Ini bisa menjadi tanda bahwa kamu belum terbiasa merasa layak menerima pujian. Menolak pujian bukanlah tanda kerendahan hati, tapi justru tanda bahwa suara hati belum sepenuhnya ramah.

Coba langkah sederhana: cukup katakan “terima kasih” tanpa perlu menyangkal. Biarkan pujian itu mendarat.

4. Bertahan dalam Hubungan yang Menguras Energi

Harga diri yang rendah membuat seseorang merasa tidak pantas mendapatkan yang lebih baik. Akibatnya, mereka bisa bertahan dalam hubungan yang tidak seimbang, melelahkan, bahkan menyakitkan.

Beberapa orang tetap tinggal karena pikirannya, “Setidaknya dia masih memperhatikan.” Padahal, kita berhak lebih dari sekadar “setidaknya”.

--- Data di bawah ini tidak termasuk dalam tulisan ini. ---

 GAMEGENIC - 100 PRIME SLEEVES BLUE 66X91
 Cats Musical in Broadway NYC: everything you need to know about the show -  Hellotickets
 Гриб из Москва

5. Meremehkan Kebutuhan Diri Sendiri

Tidak berani meminta kenaikan gaji, tidak berani bicara saat pasangan berkata sesuatu yang menyakitkan, lalu berkata pada diri sendiri, “Tidak apa-apa. Aku baik-baik saja.”

Namun, jauh di dalam, kamu tahu bahwa kamu tidak benar-benar baik-baik saja. Kebiasaan meremehkan kebutuhan pribadi sering muncul dari keyakinan bahwa meminta berarti merepotkan.

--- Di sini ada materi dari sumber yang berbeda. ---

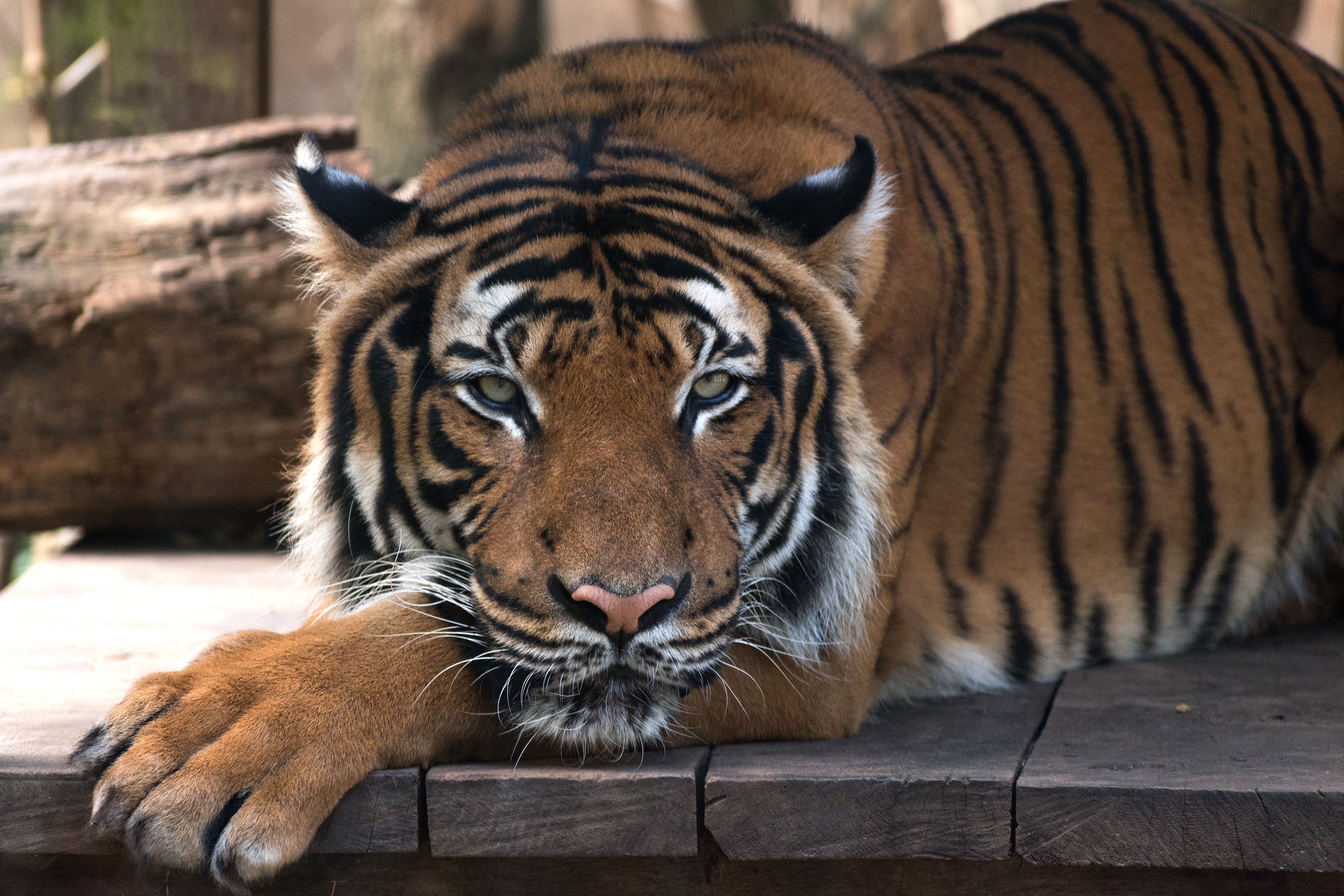 Baixar papel de parede para celular de Gatos, Animais, Tigre gratuito.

Harga diri yang sehat tahu bahwa kebutuhanmu penting. Perasaanmu mungkin tidak selalu benar, tapi tetap valid.

6. Terus-Menerus Membandingkan Diri dengan Orang Lain

Kamu membandingkan hidupmu dengan potongan terbaik hidup orang lain yang kamu lihat di media sosial. Kamu merasa tertinggal, walaupun tidak tahu ke mana tujuanmu.

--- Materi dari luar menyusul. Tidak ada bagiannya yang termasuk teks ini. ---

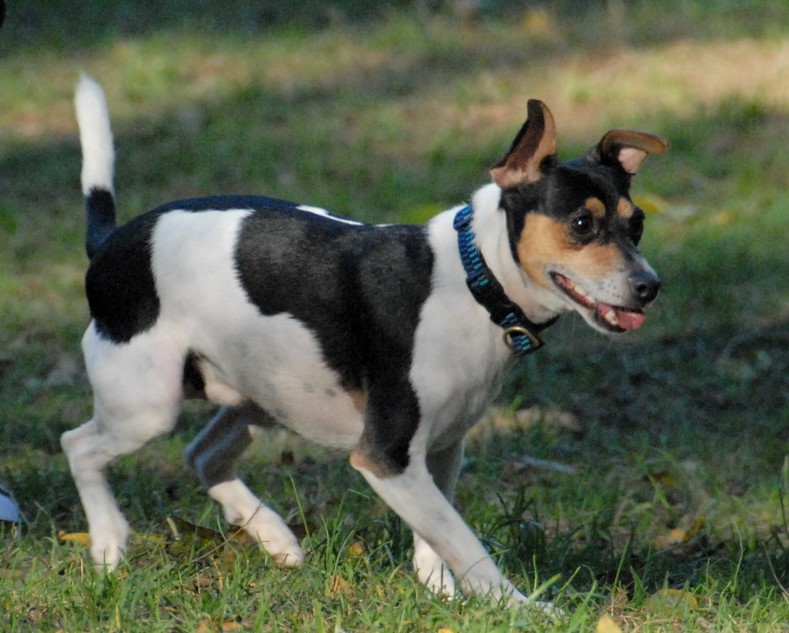 Jack Russell And Rat Terrier Mix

Perbandingan memang wajar, tetapi bisa menjadi racun jika dijadikan tolok ukur harga diri. Satu-satunya standar yang layak diikuti adalah diri sendiri versi yang lebih sehat, lebih sadar, dan lebih utuh.

7. Menghindari Kontak Mata

Kontak mata bisa terasa menakutkan saat harga diri sedang rendah. Rasanya seperti: “Kalau mereka melihat terlalu dalam, mereka akan tahu aku tidak cukup.”

Padahal, justru dari tatapan itulah koneksi dan kepercayaan tumbuh. Coba biasakan menatap lawan bicara sedikit lebih lama dari biasanya. Rasakan perubahan kecil yang terjadi dalam dirimu.

8. Terus Sibuk Agar Tidak Harus Duduk Sendiri

Kesunyian membuat suara batin yang kritis terdengar lebih jelas. Maka, kamu menghindarinya dengan tugas, media sosial, atau obrolan tanpa henti.

Padahal, keheningan juga bisa menyembuhkan. Kadang, terobosan terbesar muncul saat berjalan kaki tanpa headphone. Tanpa agenda. Tanpa perlu “produktif”.

9. Sulit Membuat Keputusan Sendiri

Setiap pilihan jadi beban. Membalas pesan? Harus tanya dulu ke tiga teman. Beli sabun cuci muka? Perlu baca 10 ulasan dulu.

Tidak ada yang salah dengan mencari masukan. Tapi kalau selalu begitu, mungkin bukan rasa ingin tahu yang jadi alasan melainkan rasa takut salah.

Kepercayaan diri dibangun bukan dengan bertanya terus-menerus, tapi dengan berlatih membuat keputusan sendiri. Dan berdamai jika hasilnya tidak sempurna.

10. Merasa Bertanggung Jawab atas Perasaan Orang Lain

Harga diri yang rendah membuat seseorang jadi “penjaga suasana hati” semua orang. Kamu menyerap emosi mereka, meminta maaf saat orang lain marah, mengecilkan diri agar tidak membuat orang lain tidak nyaman.

Tapi penting untuk diingat: kamu tidak bertanggung jawab atas reaksi orang lain. Empati tidak harus berarti kehilangan diri sendiri.

Harga diri yang sehat tidak berarti selalu merasa hebat. Tapi ia memberi ruang untuk jadi manusia seutuhnya—dengan kebutuhan, ketidaksempurnaan, dan keberanian untuk tumbuh.

Dan pertumbuhan itu dimulai dari satu langkah kecil: menyadari. Setelah itu, perlahan tapi pasti semuanya mulai berubah.